Architecture Overview

This project follows a microservices architecture with a focus on modularity, scalability, and maintainability. The key components of the system are as follows:

1. Daemon Kafka Consumer

  • Purpose: Consumes data from a Kafka topic and stores it in Elasticsearch.
  • Components:
    • config.py: Contains configuration settings, such as connection details for Kafka and Elasticsearch.
    • app.py: The core logic for consuming messages from Kafka and processing them.
    • elastic_client.py: Handles interactions with the Elasticsearch service.
    • kafka_consumer.py: Manages the Kafka consumer setup and connection.
    • Dockerfile: Containerizes the consumer service for deployment.
    • requirements.txt: Lists the Python dependencies needed for the consumer service (e.g., Kafka and Elasticsearch clients).

How it helps the project:

  • Independent, scalable service that decouples data ingestion from processing.
  • Ensures data is reliably consumed from Kafka and inserted into Elasticsearch.

2. Daemon Kafka Producer

  • Purpose: Fetches data from an external API and sends it to a Kafka topic for consumption by the Kafka consumer.
  • Components:
    • api_client.py: Fetches data from an external API.
    • config.py: Configuration for Kafka and external API connections.
    • kafka_producer.py: Sends data to Kafka topics.
    • pp.py: Orchestrates fetching data and publishing it to Kafka.
    • Dockerfile: Containerizes the producer service for deployment.
    • requirements.txt: Lists dependencies for the producer service (Kafka client and external API libraries).

How it helps the project:

  • Decouples the data fetching and publishing logic from other services.
  • Can be independently scaled to handle high-volume data production.

3. FastAPI Service

  • Purpose: Provides RESTful APIs to interact with Elasticsearch, enabling search and tagging functionalities.
  • Components:
    • config/settings.py: Stores configuration details for Elasticsearch and other settings.
    • controllers/:
      • search_controller.py: Handles search-related API requests.
      • tag_controller.py: Handles tagging functionality.
    • main.py: The FastAPI application entry point, initializing the app and routes.
    • models/:
      • search_request_dto.py: Defines the structure of search requests.
      • tag_request_dto.py: Defines the structure of tag-related requests.
    • repositories/:
      • elastic_repository.py: Interface for interacting with Elasticsearch.
    • services/:
      • search_service.py: Business logic for searching in Elasticsearch.
      • tag_service.py: Business logic for tagging content in Elasticsearch.
    • Dockerfile: Containerizes the FastAPI service.
    • README.md: Documentation for setting up and using the FastAPI service.
    • requirements.txt: Lists dependencies for the FastAPI service (FastAPI, Elasticsearch client, etc.).

How it helps the project:

  • Provides a fast and flexible API layer to interact with Elasticsearch.
  • The clean separation of concerns (service/repository pattern) ensures easy maintainability and testability.
  • Scalable architecture with clear service boundaries.

4. docker-compose.yml

  • Purpose: Orchestrates the deployment of multiple services (Kafka, Elasticsearch, and FastAPI) with a single command.
  • How it helps the project:
    • Single Command Setup: With docker-compose up, the entire system can be started together.
    • Isolation: Each service runs in its own container, ensuring isolation of dependencies.
    • Scalability: Docker Compose makes it easy to scale services based on needs.

5. requirements.txt

  • This file contains the list of Python dependencies needed for the entire project (e.g., Kafka client, Elasticsearch client, FastAPI, etc.).
  • How it helps the project:
    • Centralized dependency management for the entire project.
    • Ensures consistent environments across different stages of development and deployment.

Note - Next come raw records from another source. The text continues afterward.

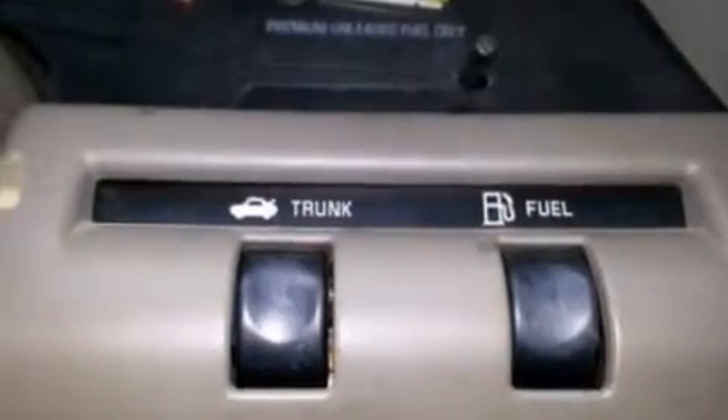Air conditioning, cruise control, an auto-dimming rear-view mirror, and the leather seats provide great support and create an overall luxurious feel.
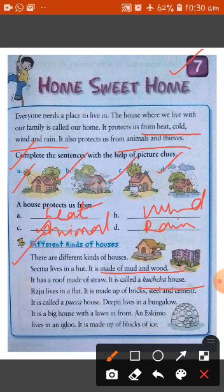Raju lives in a flat — it is made up of bricks, steel and cement, so it is called a pakka house. Deepthi also lives in a bungalow, which is a big house with a lawn in front. Houses made up of bricks, steel and cement are known as pakka houses. There is another type of house known as a bungalow, which is a big house with a lawn and many features.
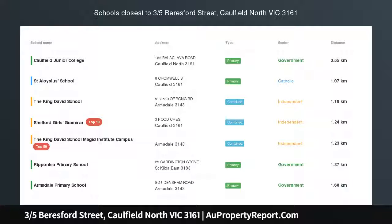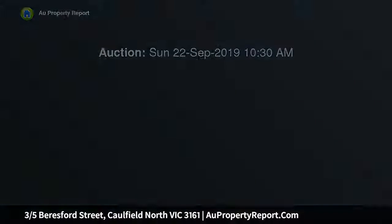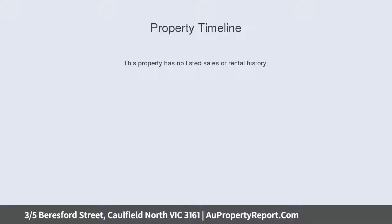Supersized with a courtyard to match, so spacious, so solid and so well located. This bigger than expected ground floor apartment is set securely at the rear of a neat boutique block and assures low maintenance living in peaceful surrounds.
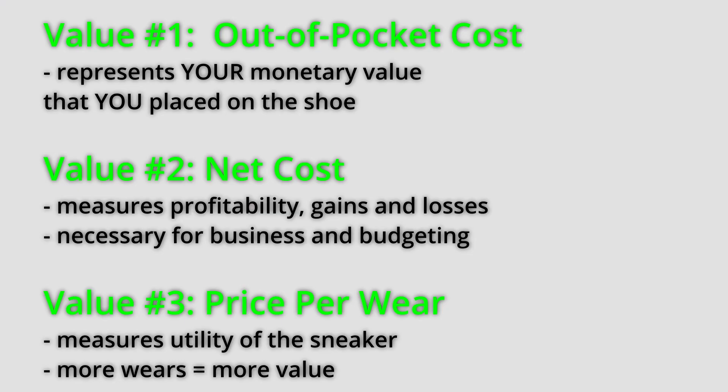All in all, sneakers are a very subjective and emotionally driven niche. You can't directly measure how you feel about a shoe, how it looks, or how much hype it has. But you can, to some degree, measure practicality, longevity, and profitability based on data and numbers. As the saying goes, numbers don't lie — so think about using these values and considering them in your calculations to really determine how valuable a shoe is for you.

How the Architecture Helps the Project

  1. Separation of Concerns:

    • The project is divided into multiple services with clearly defined responsibilities:
      • Producer fetches data and sends it to Kafka.
      • Consumer processes Kafka messages and stores them in Elasticsearch.
      • FastAPI service provides an API layer to interact with Elasticsearch.
    • This modular structure makes it easy to develop, maintain, and scale individual components.
  2. Scalability:

    • Each service is containerized using Docker, allowing for easy scaling and management.
    • Kafka itself is highly scalable and serves as a reliable messaging queue between the producer and consumer services.
  3. Fault Tolerance:

    • Kafka acts as a buffer between the producer and consumer, ensuring that data is not lost if a service fails. The consumer can process messages at its own pace when it's back online.
  4. Ease of Deployment:

    • The use of Docker and Docker Compose simplifies the deployment process. The entire system can be spun up with a single command (docker-compose up), ensuring consistency across environments.
  5. Extensibility:

    • The system is designed with extensibility in mind, following principles such as Object-Oriented Programming (OOP) and clean architecture patterns. This makes it easy to add new features or integrate with other systems in the future.

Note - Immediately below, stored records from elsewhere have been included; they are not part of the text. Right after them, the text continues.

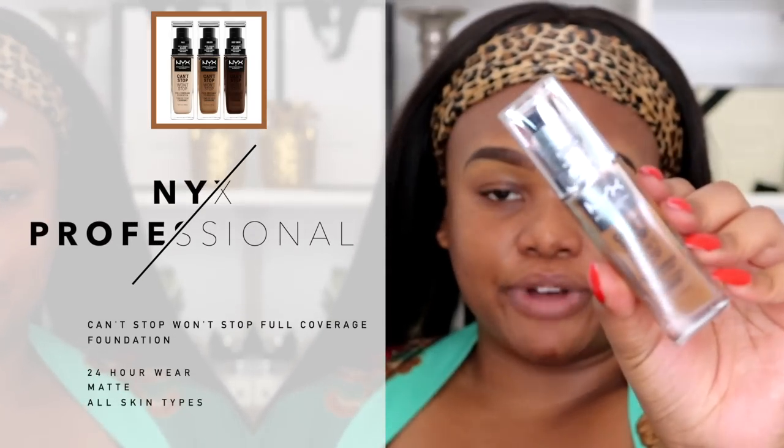It's a drugstore foundation, which is exciting. It is the NYX Can't Stop Won't Stop Full Coverage Foundation. It's always exciting when a new foundation comes out in the drugstore category that seems to be more on the inclusive side with a vast array of shades to match the majority of skin tones. I pulled up the NYX Cosmetics international website and it says there are 45 shades in this foundation.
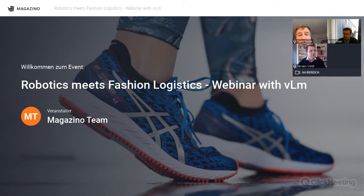Welcome everyone to the first VLM webinar of 2021. The webinar will take about 45 minutes to an hour. After a short presentation of VLM by chairman Frank Hula, we will have a three-way conversation on robots and fashion logistics.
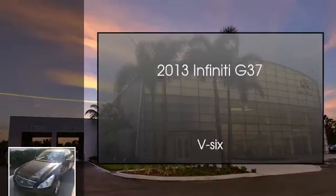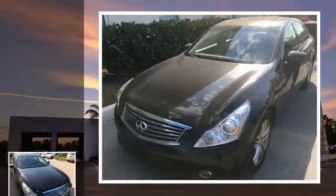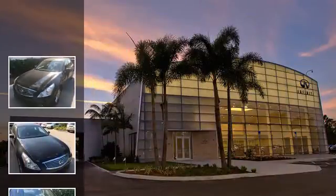This is a 2013 Infiniti G37. This car has an automatic transmission and a V6.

By using a microservices architecture, this system is robust, scalable, and easy to maintain, making it well-suited for handling growing data volumes and user requests.

  • Apache Kafka: Used as a message broker between the producer and the consumer services.
  • Elasticsearch: A NoSQL database used for storing the data produced by the consumer service. It allows fast searches and filtering.
  • FastAPI: Provides an HTTP API for interacting with Elasticsearch, including search and tagging features.

Project Structure

Click here to see the project structure.

Services

1. Kafka Producer Daemon Service

This service fetches data from the FakerAPI every minute and produces it to a Kafka topic.

Features:

  • Fetches records every minute from the FakerAPI.
  • Formats the data to match the schema required by the consumer.
  • Publishes the data to a Kafka topic.

Docker Setup:

  • Dockerfile and requirements are specified in the producer-service directory.
  • Kafka client libraries are required to connect and produce messages to the Kafka broker.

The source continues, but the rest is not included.